Chrystia Freeland stressed in her opening remarks: “Talking about the whole question of security, I think that it is important to us, the western leaders gathered here, to appreciate that we have an obligation to Ukraine. We have that obligation because the invasion of Ukraine, the annexation of Ukrainian territory is the most significant breach of the rules based international order in Europe since the Second World War. And this is also a breach of that order that has great implications for the question of the nuclear proliferation. Ukraine voluntarily gave up nuclear weapons in 1994 and signed the Budapest Memorandum. We have to stand for Ukraine not because our Ukrainian community in Canada and the good connections between the two countries. We stand with Ukraine because we stand with the rules based on international order, and this is one of the key battle grounds in the world. And talking about reforms… This is not a favor that Ukraine must do for the West. Economic and structural reforms are something Ukrainians must do for themselves, and Ukraine has to take ownership of those reforms. We hope so much that Ukraine will use this moment to the best advantage.”

Wolfgang Ischinger also shared his introductory remarks:“I am really impressed by the number of important people who have gathered here… The Munich Security Conference is not a decision making organ of any sort, but what we can do, and what we are proud of doing is to offer this forum which brings so many decision makers from Europe and beyond to Munich each year to focus on specific unresolved issues, to engage people from public and private and other sectors. As somebody who had not known Ukraine well before, I was deeply impressed by the number, the intensity, devotion and commitment of the younger generation throughout Ukraine to engage in the civil society efforts, to create a vibrant civil society - that is your unique selling point. That is what we should be supporting”. 

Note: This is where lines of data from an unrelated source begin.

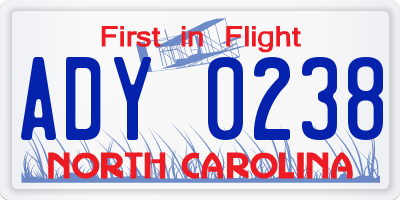 NC license plate ADY0238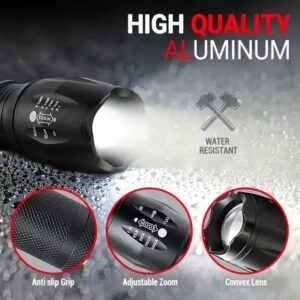 High Power LED Tactical Flashlight 5-Mode Light Zoom Waterproof Portable Torch For Camping Hiking Outdoor Hunting Aluminum Alloy Bright Tactical Flashlight LED 5 Modes Zoomable Searchlight Handheld - Image 4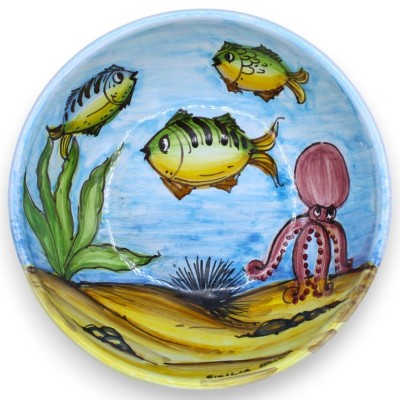 Piatto ciotola fondo, in ceramica Caltagirone - Ø 20 cm x h 8 cm ca. (1Pz) Decoro a tema paesaggio marino casuale - 
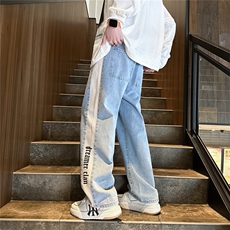 k1072-p55-M-5XL现货宽松牛仔裤马丁靴黑暗拼接，男装牛仔裤，星座116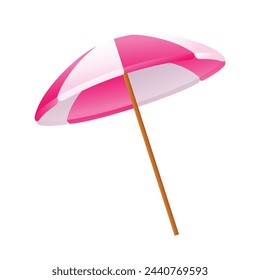 Vector beach umbrella on white background isolated.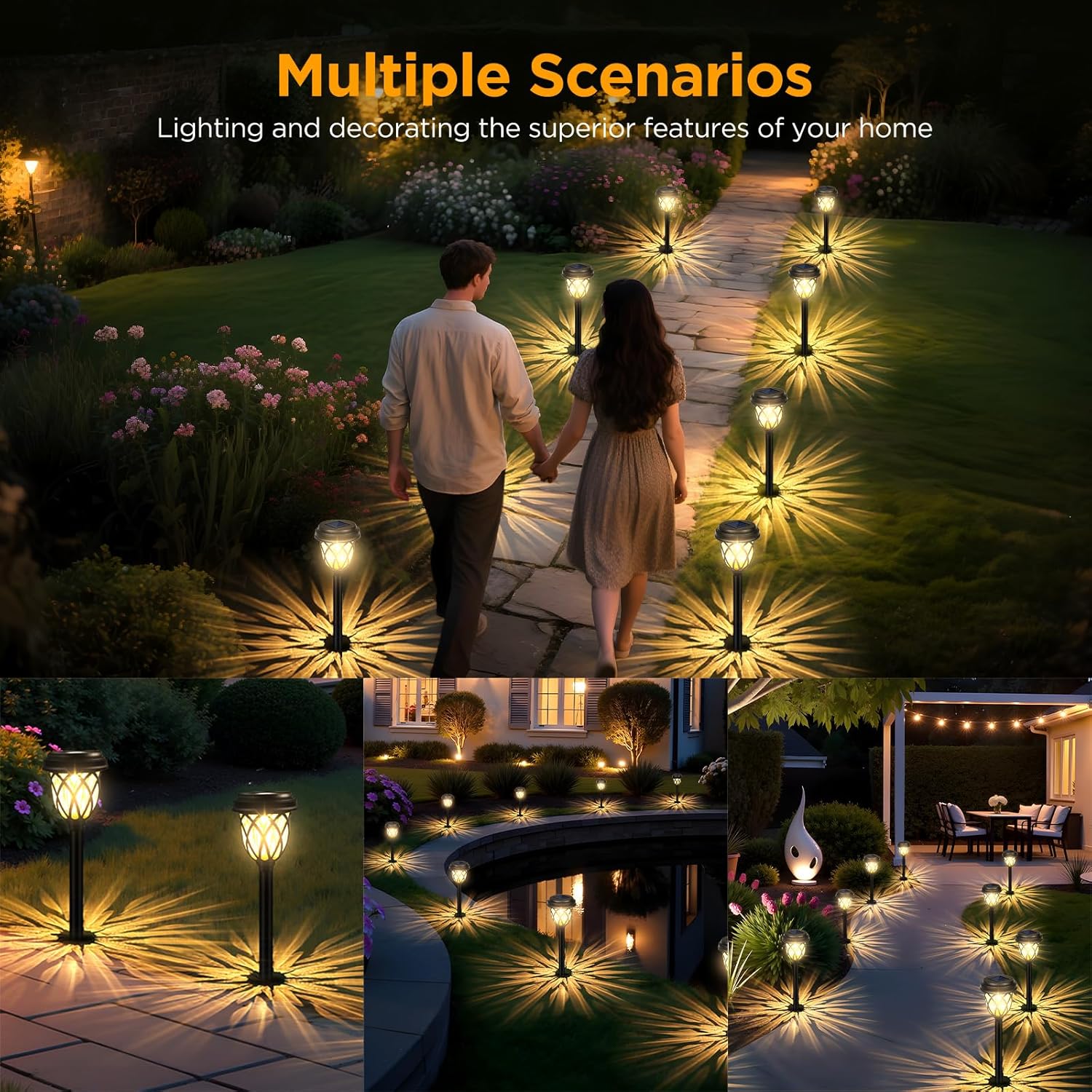 Detalle de HELESIN Luci Solari da Giardino (6 pezzi) – Lampade LED solari per esterni, bianco caldo, IP44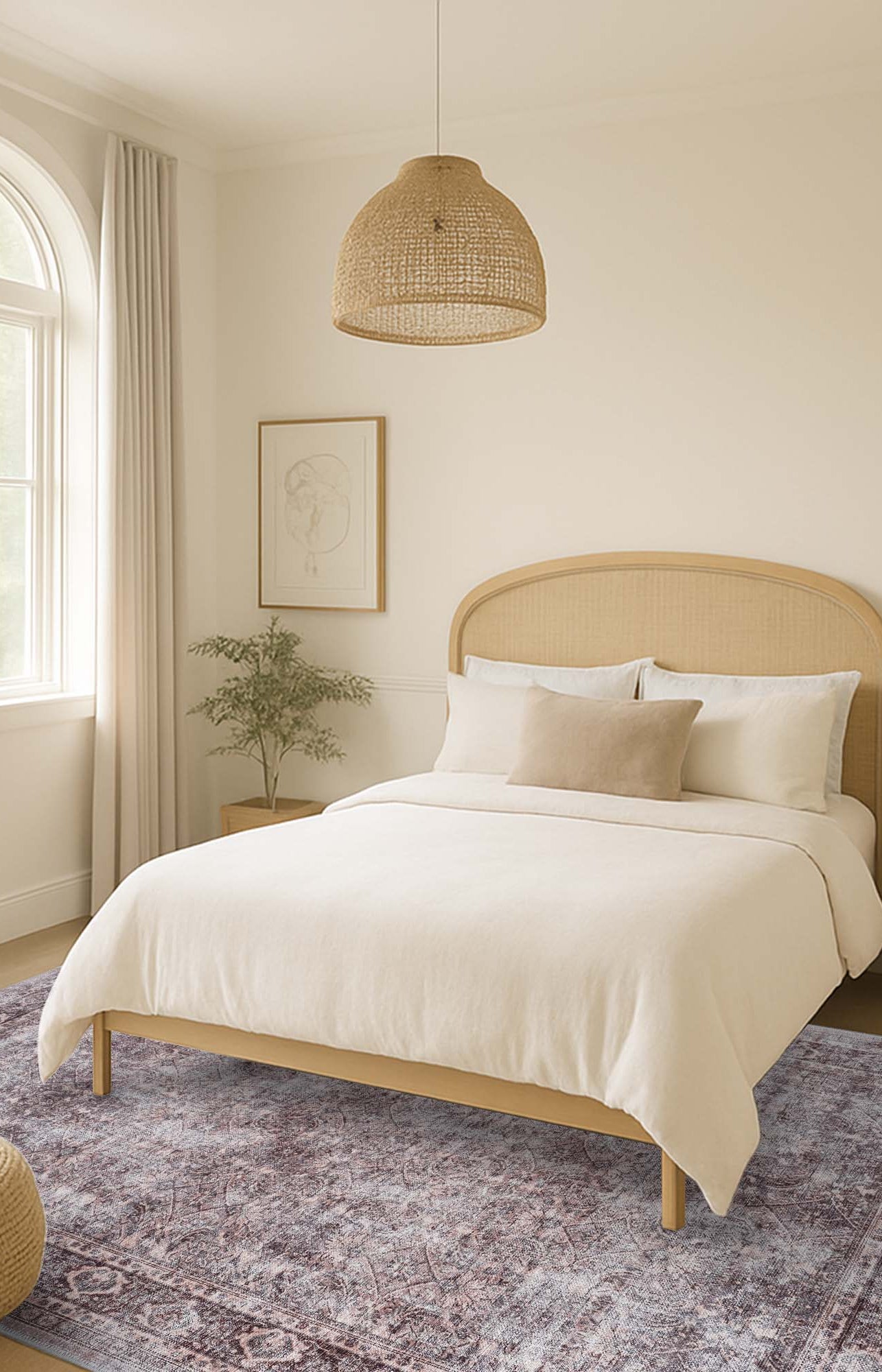 Cecile Distressed Persian Beige, Blush & Muted Sage Rug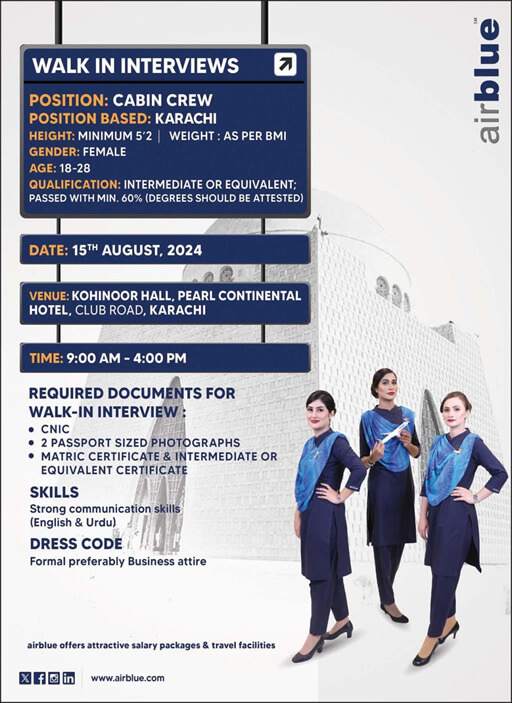 Air Blue Latest Airhostess Jobs In Pakistan | Air Blue Careers 2024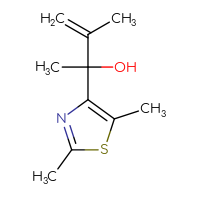 Chemical structure of 2-(2,5-dimethyl-1,3-thiazol-4-yl)-3-methylbut-3-en-2-ol - CSSB21246270135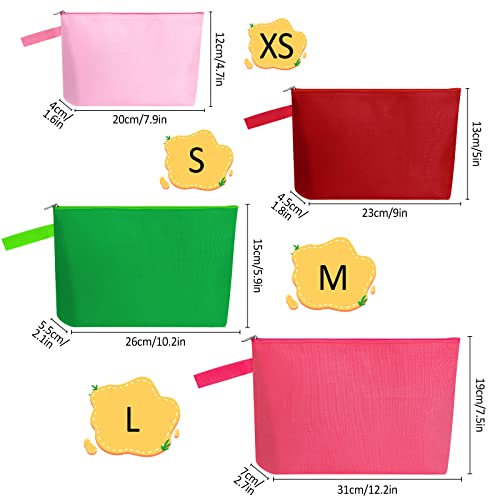 10 Pieces Cotton Canvas Makeup Bag with Bottom and Strap, Multi-Purpose Cosmetic Bag with Zipper Travel Toiletry MN-WB07 Wb07 - color: Multicolor 02, size: L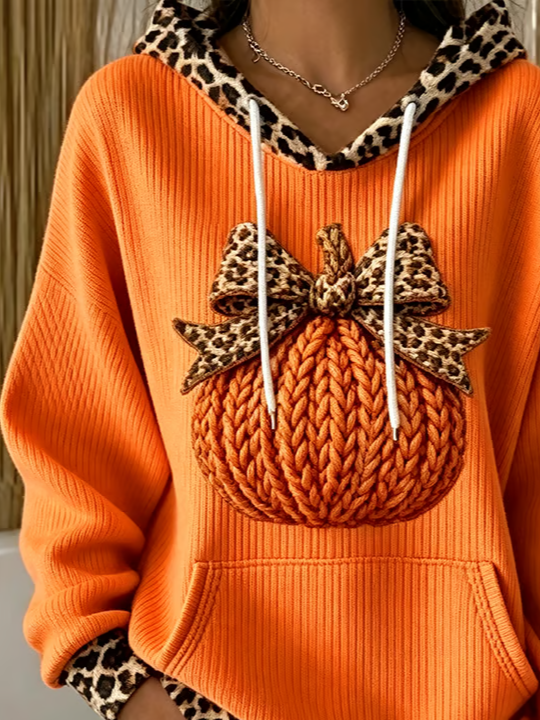 Sudadera con capucha casual de leopardo con manga larga — foto 3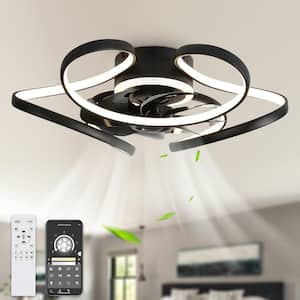 22 in. Indoor Flower Design Black Dimmable Ceiling Fan with Integrated LED Light and Remote Flush Mount Ceiling Lighting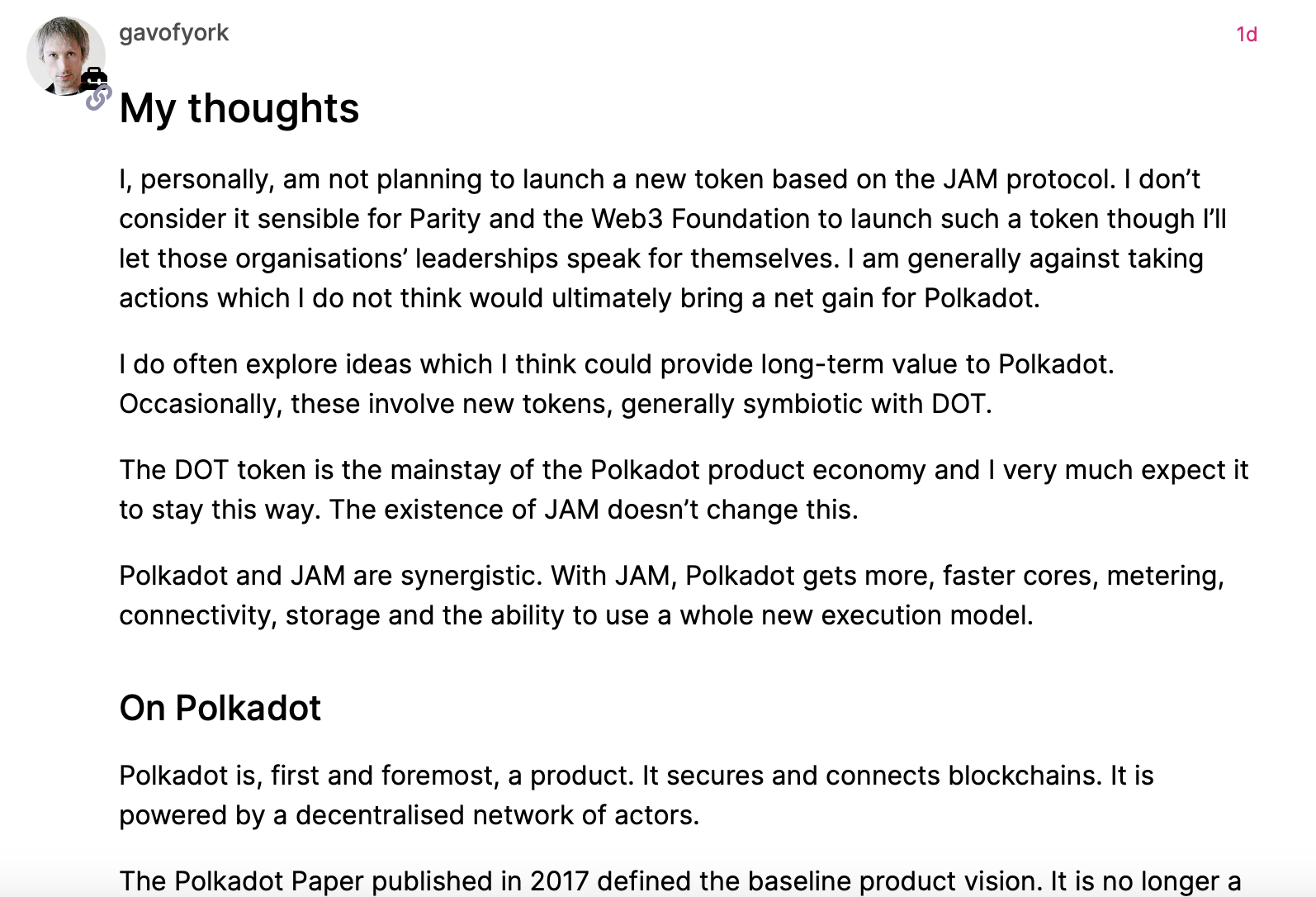 Polkadot founder Gavin Wood confirmed: The JAM protocol will not issue new tokens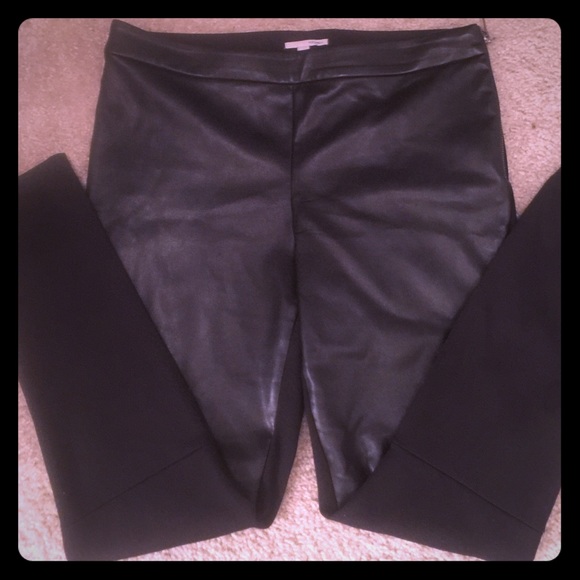 Faux leather and ponte pants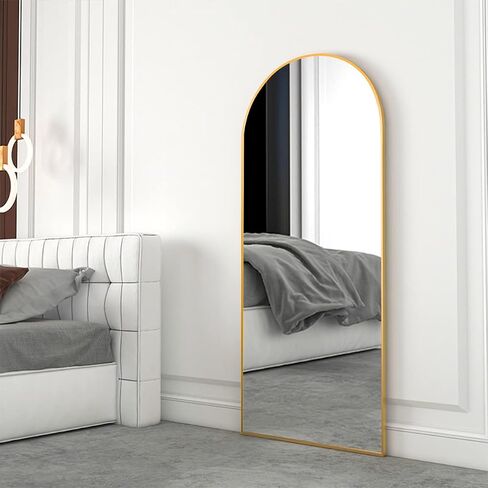 XKZG 64" x 21" Arched Full Length Mirror Floor Mirror with Aluminum Alloy Frame Full Body Mirror Stand Mirror Wall Mounted Mirror for Bedroom Living Room - Gold in Saudi Arabia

Speaking of achievements on the path of building new Ukraine, Pavlo Klimkin said: “The war that we have today is not about just Donbass or Crimea. This war is about Ukraine, about Europe. Fundamentally, what Russia fears the most is success of Ukraine as a democratic and European country. I keep saying that for us, the most important point was not to win the war against Russia, but not to lose, and I think that we have achieved in this. And we have completely transformed Ukraine, and in a sense, Maidan was a point of non-return. But obviously we have to carry on with transforming our country and our society at a new dimension.”Commenting on whether the world can learn from Ukraine’s experience in resisting the new threats, he continued: “Definitely, anyone in the world can learn a lot from us, regarding cyber, propaganda, fake news, Russian terrorism, Russian attempts to destabilize Ukraine internally. In all these four years, with all the problems that we have had, we were pretty successful in countering the Russian nonconventional threats.” 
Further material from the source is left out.